Volar, de Henry D. Thoreau (Pepitas de calabaza) Traducción de Eduardo Jordá | por Juan Jiménez García

Henry D. Thoreau | Volar

Thoreau goza últimamente de buena fortuna editorial en nuestro país. No porque se le edita, sino porque encima se le edita bien. Estos últimos años hemos visto recuperar desde sus títulos más clásicos a sus diarios, pasando incluso por su vida en cómic. Ahora seguramente ha llegado el momento de hacer un trabajo más conceptual, o al menos acercarse a su obra desde otros ángulos. Ese es el caso de Volar, editado por Pepitas de calabaza, al cuidado de Antonio Casado da Rocha y José Ignacio Foronda. Volar es un libro sobre la relación del escritor norteamericano con los pájaros a través de toda su obra. Un selección de momentos, de fragmentos de escritura y de instantes de vida, dos cosas que se confunden en él. El resultado, además de revelador de buena parte de su pensamiento, es un libro iluminador y luminoso.

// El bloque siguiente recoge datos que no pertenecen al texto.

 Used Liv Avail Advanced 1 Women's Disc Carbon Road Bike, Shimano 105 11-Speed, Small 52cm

A Thoreau la vida de los pájaros le parece sumamente apacible, tanto como para preguntarse si será así también la suya. Símbolo de la espiritualidad (leemos a Juan Eduardo Cirlot) no es difícil atribuirles ciertos anhelos humanos, como la libertad. No son solo una parte esencial de la naturaleza, sino que ahora, habitantes de las ciudades, son lo único que nos queda de ella, algo así como su conciencia, fuera de parques cuidadosamente acotados y arboles primorosamente alineados (iba a escribir alienados… También). El escritor buscaba recuperar la cordura acercándose a la naturaleza, recuperando su contacto. ¿Cómo no entenderle? Incansable observador de aquello que le rodeaba, podía pasarse los días esperando el simple gesto de un pajarillo o su canto. Esa simple separación de la realidad, esos instantes suspendidos fuera del curso normal del tiempo, de los días que se suceden, le acercaban a esa belleza. La belleza del azar.

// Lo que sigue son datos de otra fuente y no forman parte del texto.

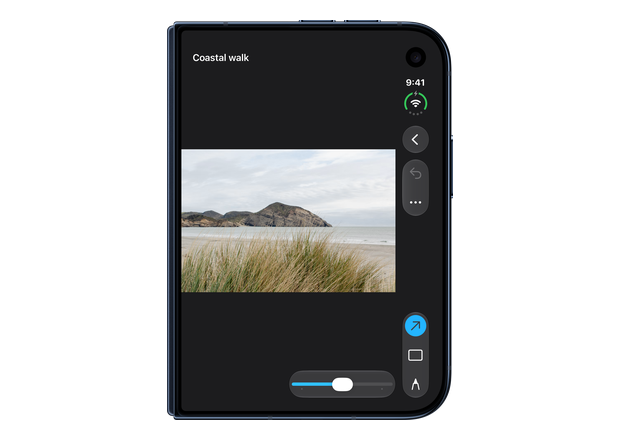 A slider remains in the bottom horizontal toolbar on iPhone Duo with horizontalOnly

También está la poesía. Los pájaros como animales poéticos (de nuevo, la espiritualidad, el misterio). Para entenderlo está el propio libro, pequeños poemas en prosa, haikus que esperan atrapar su vuelo, un gesto, una vida en las ramas (ahora sería en los alambres, en los cables). Lo importante no es lo que pueda decir el poeta, dice, sino la armonía con el entorno. Ser una sola cosa, una sola voz, un solo canto. Volar es ese momento en el que la escritura se encuentra con la naturaleza para ser una sola cosa, sin juntas, sin líneas de separación.

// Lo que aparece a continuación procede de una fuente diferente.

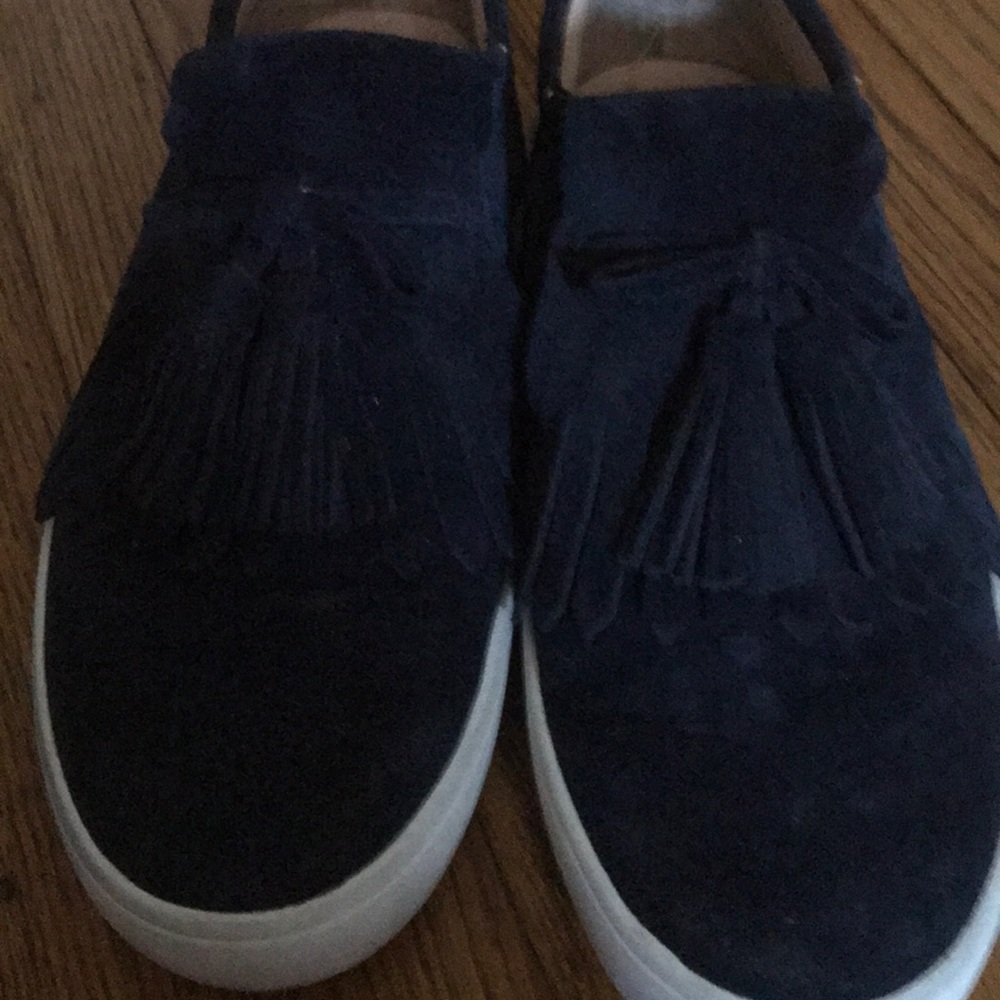 Sneakers - Picture 3 of 3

Echaba de menos la vida salvaje y una naturaleza sobre la que no pueda poner el pie, una búsqueda de paraísos inaccesibles (y qué paraíso más inaccesible que el cielo, aún en nuestro tiempo). Si no sentimos nada ante el despertar, ante la llegada de la primavera, tal vez debamos empezar a temer estar muertos. Es imposible separar naturaleza y sensaciones en la obra y en la vida de Thoreau y esa es su invitación y su legado. Para él no es una cuestión científica ni mira a los pájaros como un ornitólogo. Es una cuestión de sentir cada cosa que escucha, cada cosa que ve, cada cambio de luz, cada gota de lluvia. No es un observador, sino un vividor. Ve porque vive. Siente porque está. Y escribe porque tiene una necesidad imperiosa de transmitir todo esto, de invitarnos a compartir ese sentimiento primigenio. Cuando hombre y naturaleza eran una sola cosa. Y cuando ese hombre-naturaleza soñaba con volar, como esos pájaros. Y el sueño sigue estando ahí. Y tal vez será el último sueño en nuestra vida en el universo.